■ **What you should do**
Your answer must consist only of the lines from the start of the entries through the line that holds "Item #H8945 1900", copied exactly, with no pictures.

■ **Entries shown**

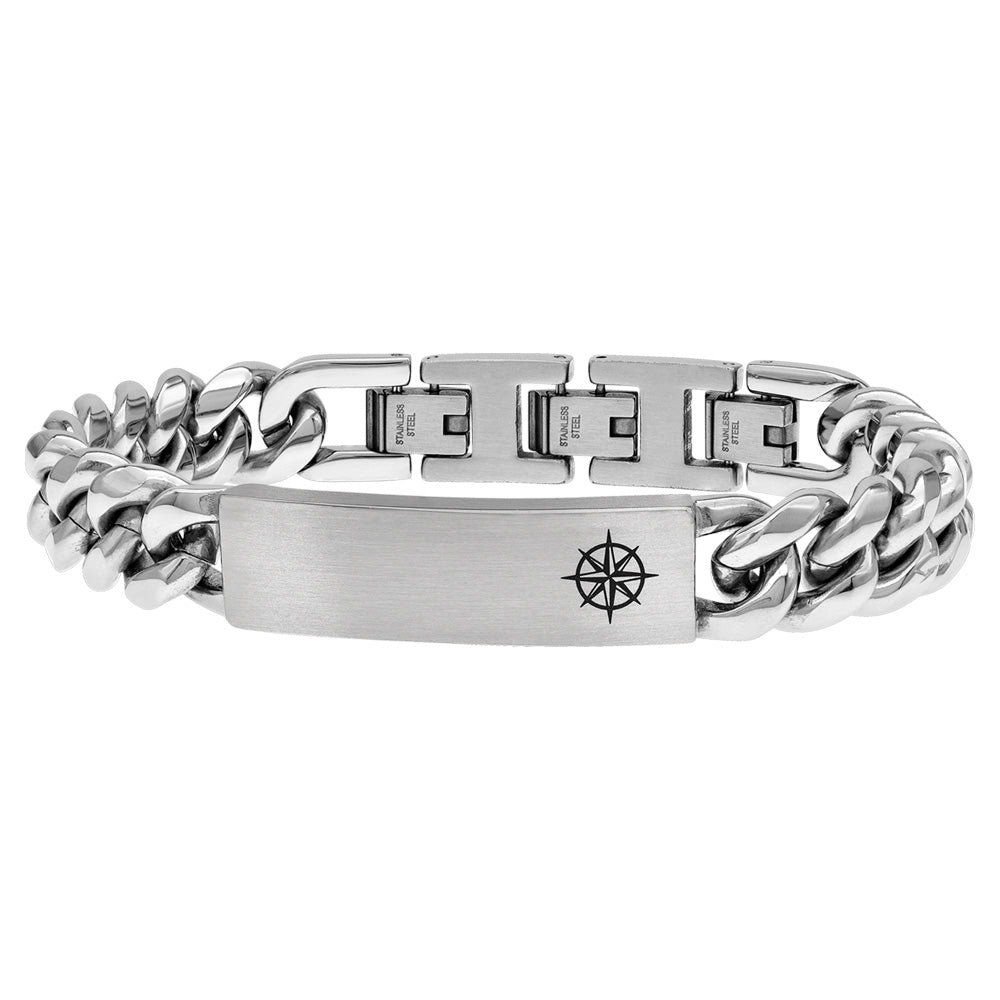 SAVE BRAVE BARNEY COMPASS ID STAINLESS STEEL BRACELET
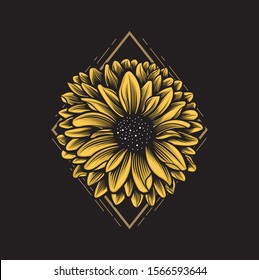 Sunflower vector illustration for t-shirt or wallpaper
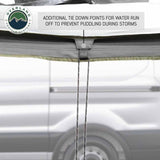 OVS HD Nomadic 180 Awning with Mid/High Roof Van Bracket Kit — Feature shot: tie-down points that anchor the poles and shed rainwater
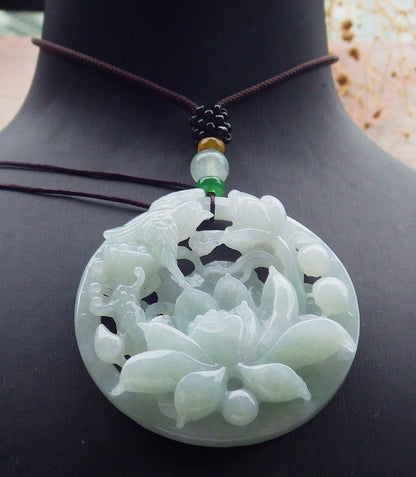 Atestita Verda Birmo 100% Natura A Jadejadeita pendanta Fenikso Birda Flora Koliero 鸟语花香 637398 TN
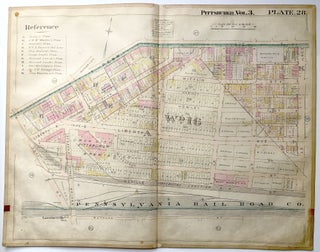 Item #H8945 1900 linen-backed 28 x 22" map: Pittsburgh Lawrenceville neighborhood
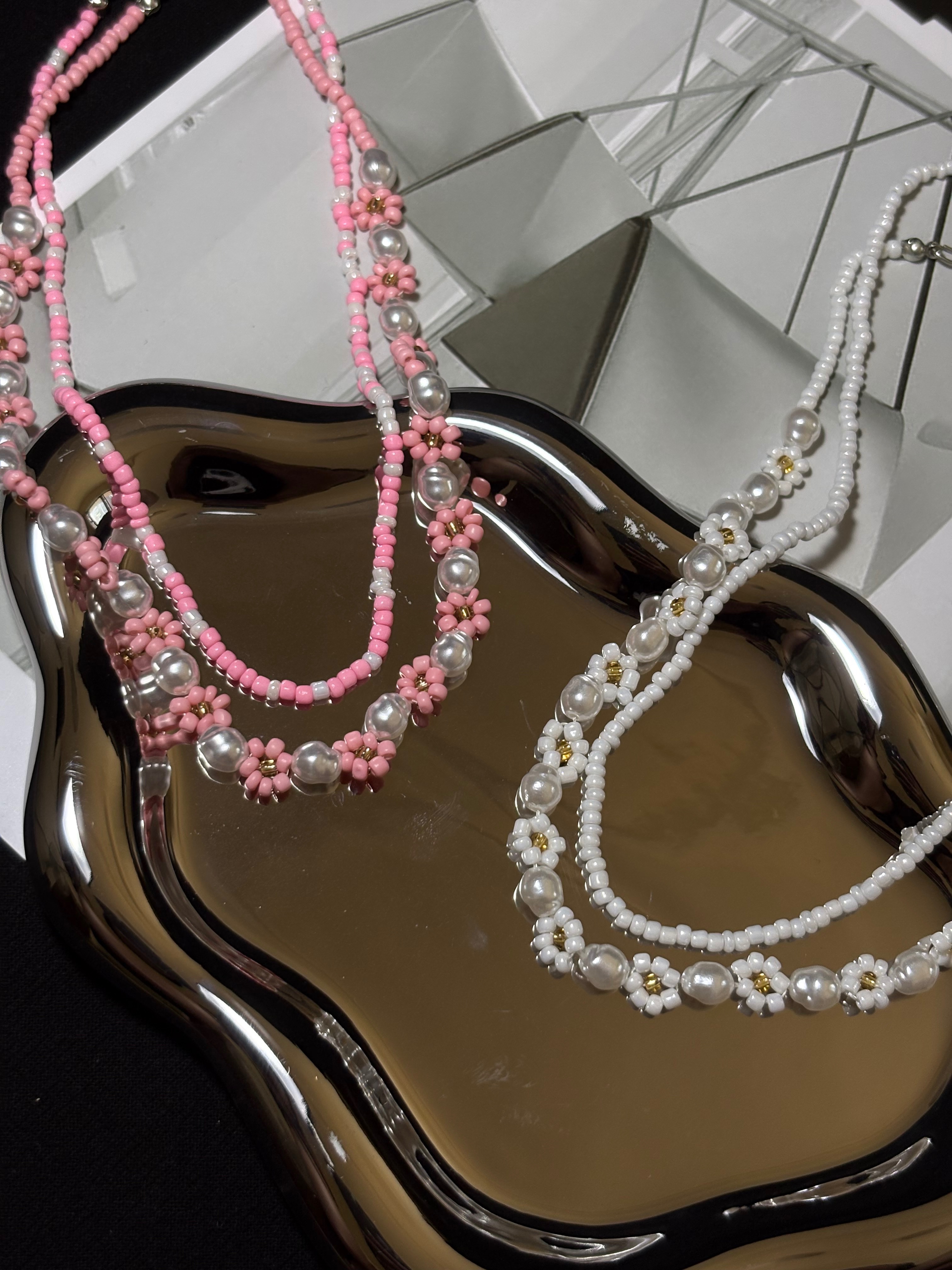 波希米亞串珠花朵項鏈（現貨各1）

■ **Completed task**
 SAVE BRAVE BARNEY COMPASS ID STAINLESS STEEL BRACELET
 Sunflower vector illustration for t-shirt or wallpaper
 OVS HD Nomadic 180 Awning with Mid/High Roof Van Bracket Kit — Feature shot: tie-down points that anchor the poles and shed rainwater
 Atestita Verda Birmo 100% Natura A Jadejadeita pendanta Fenikso Birda Flora Koliero 鸟语花香 637398 TN
 Item #H8945 1900 linen-backed 28 x 22" map: Pittsburgh Lawrenceville neighborhood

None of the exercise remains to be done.